◆ WHAT IS BEING ASKED
Only the first line of the listing and the lines after it, up to and including the one containing "Shaw Floors Ceramic", should be retyped exactly.

◆ SUPPLIED RECORDS
---*---
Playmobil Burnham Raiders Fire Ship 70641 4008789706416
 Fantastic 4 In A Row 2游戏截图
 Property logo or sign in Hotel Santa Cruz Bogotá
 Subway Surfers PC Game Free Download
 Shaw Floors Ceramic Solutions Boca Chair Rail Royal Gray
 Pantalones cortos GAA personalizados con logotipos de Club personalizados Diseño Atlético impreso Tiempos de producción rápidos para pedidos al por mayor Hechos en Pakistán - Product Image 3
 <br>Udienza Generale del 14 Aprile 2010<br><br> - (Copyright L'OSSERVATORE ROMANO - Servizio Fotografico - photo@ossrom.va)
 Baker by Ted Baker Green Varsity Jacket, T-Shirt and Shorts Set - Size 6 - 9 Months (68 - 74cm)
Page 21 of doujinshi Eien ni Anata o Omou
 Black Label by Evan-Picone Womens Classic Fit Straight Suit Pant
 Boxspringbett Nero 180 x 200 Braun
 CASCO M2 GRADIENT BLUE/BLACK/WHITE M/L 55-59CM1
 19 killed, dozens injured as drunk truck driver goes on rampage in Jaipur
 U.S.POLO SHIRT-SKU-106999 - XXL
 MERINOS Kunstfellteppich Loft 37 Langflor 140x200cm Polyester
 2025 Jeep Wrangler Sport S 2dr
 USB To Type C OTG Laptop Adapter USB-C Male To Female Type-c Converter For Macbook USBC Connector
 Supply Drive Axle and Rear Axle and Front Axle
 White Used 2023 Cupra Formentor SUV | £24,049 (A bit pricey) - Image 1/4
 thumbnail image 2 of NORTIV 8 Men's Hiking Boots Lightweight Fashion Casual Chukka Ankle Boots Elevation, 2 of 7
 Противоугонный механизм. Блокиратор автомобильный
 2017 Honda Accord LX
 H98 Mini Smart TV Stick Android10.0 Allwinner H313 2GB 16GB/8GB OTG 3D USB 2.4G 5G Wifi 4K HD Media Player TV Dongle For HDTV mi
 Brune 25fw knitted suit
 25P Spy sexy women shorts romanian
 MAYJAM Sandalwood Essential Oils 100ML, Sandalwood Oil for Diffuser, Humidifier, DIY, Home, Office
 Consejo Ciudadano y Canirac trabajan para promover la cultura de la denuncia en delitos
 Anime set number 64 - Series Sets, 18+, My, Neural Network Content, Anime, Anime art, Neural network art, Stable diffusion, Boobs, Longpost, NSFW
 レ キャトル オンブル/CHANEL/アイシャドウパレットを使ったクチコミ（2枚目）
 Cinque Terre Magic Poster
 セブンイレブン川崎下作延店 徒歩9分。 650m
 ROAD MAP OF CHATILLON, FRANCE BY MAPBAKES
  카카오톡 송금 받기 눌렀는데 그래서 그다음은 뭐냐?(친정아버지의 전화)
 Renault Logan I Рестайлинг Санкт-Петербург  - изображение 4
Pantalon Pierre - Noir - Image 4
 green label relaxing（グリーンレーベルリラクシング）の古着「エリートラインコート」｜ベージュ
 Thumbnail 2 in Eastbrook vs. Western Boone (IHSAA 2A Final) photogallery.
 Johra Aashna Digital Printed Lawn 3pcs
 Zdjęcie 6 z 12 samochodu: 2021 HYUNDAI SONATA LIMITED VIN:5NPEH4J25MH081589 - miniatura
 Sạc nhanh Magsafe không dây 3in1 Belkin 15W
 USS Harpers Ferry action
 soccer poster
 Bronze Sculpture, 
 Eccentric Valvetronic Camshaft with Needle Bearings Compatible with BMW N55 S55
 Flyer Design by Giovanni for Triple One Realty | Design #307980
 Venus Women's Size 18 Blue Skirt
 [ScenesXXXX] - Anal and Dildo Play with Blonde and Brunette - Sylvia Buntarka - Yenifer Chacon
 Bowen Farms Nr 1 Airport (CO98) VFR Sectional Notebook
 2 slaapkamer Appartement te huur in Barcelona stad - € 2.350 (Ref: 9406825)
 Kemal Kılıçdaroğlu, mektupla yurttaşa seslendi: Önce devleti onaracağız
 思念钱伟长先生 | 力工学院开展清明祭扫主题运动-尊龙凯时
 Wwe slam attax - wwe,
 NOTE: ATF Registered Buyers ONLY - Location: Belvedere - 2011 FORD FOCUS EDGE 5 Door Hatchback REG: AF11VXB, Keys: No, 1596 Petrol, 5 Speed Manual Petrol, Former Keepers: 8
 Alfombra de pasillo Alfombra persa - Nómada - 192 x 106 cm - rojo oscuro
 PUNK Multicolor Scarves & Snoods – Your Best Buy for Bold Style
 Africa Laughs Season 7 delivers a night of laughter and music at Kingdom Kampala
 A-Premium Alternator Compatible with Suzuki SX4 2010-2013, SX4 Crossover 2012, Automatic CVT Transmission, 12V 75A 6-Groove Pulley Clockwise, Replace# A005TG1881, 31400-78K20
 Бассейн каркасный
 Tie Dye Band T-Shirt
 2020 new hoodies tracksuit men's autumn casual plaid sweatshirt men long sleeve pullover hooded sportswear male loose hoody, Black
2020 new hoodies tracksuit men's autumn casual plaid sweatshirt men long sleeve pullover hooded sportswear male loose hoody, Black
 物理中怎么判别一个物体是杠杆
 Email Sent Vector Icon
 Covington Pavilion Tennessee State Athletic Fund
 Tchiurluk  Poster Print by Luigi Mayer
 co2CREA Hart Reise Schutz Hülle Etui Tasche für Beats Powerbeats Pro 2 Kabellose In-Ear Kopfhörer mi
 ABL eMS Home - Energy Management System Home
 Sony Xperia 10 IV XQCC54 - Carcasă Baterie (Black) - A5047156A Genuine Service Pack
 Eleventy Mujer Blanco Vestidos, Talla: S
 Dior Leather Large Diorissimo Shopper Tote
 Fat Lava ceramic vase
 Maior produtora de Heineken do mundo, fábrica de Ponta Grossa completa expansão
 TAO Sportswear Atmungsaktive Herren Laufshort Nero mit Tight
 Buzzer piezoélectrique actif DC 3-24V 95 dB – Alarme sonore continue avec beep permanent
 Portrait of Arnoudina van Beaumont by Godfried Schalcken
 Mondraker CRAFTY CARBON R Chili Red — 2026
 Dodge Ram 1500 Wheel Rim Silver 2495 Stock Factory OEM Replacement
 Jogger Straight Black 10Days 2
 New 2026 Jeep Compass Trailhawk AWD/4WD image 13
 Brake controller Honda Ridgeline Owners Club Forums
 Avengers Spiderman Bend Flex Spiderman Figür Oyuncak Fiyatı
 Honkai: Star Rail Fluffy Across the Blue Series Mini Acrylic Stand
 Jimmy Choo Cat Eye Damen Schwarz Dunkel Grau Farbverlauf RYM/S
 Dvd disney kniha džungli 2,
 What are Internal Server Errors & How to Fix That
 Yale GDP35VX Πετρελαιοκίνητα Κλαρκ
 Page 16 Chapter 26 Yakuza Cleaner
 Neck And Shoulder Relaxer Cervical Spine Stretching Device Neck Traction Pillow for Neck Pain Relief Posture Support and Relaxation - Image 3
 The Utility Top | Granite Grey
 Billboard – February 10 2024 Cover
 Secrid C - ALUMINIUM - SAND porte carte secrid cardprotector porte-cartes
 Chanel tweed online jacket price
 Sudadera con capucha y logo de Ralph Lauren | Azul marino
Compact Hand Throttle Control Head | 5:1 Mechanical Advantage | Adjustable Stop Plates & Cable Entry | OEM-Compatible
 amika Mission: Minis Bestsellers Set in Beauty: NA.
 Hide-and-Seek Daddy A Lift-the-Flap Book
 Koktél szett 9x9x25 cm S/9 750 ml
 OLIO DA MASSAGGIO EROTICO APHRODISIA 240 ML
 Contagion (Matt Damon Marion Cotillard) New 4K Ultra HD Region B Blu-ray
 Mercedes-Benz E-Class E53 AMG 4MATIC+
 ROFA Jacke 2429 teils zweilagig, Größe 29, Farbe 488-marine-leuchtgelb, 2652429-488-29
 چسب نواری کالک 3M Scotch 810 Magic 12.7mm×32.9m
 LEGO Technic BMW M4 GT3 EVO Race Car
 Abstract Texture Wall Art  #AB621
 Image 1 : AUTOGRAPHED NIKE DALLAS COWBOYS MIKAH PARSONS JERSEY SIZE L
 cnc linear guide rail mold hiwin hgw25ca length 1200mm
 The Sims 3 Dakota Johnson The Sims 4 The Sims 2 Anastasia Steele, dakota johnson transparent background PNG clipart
---*---
◆ SOLVED EXERCISE
Playmobil Burnham Raiders Fire Ship 70641 4008789706416
 Fantastic 4 In A Row 2游戏截图
 Property logo or sign in Hotel Santa Cruz Bogotá
 Subway Surfers PC Game Free Download
 Shaw Floors Ceramic Solutions Boca Chair Rail Royal Gray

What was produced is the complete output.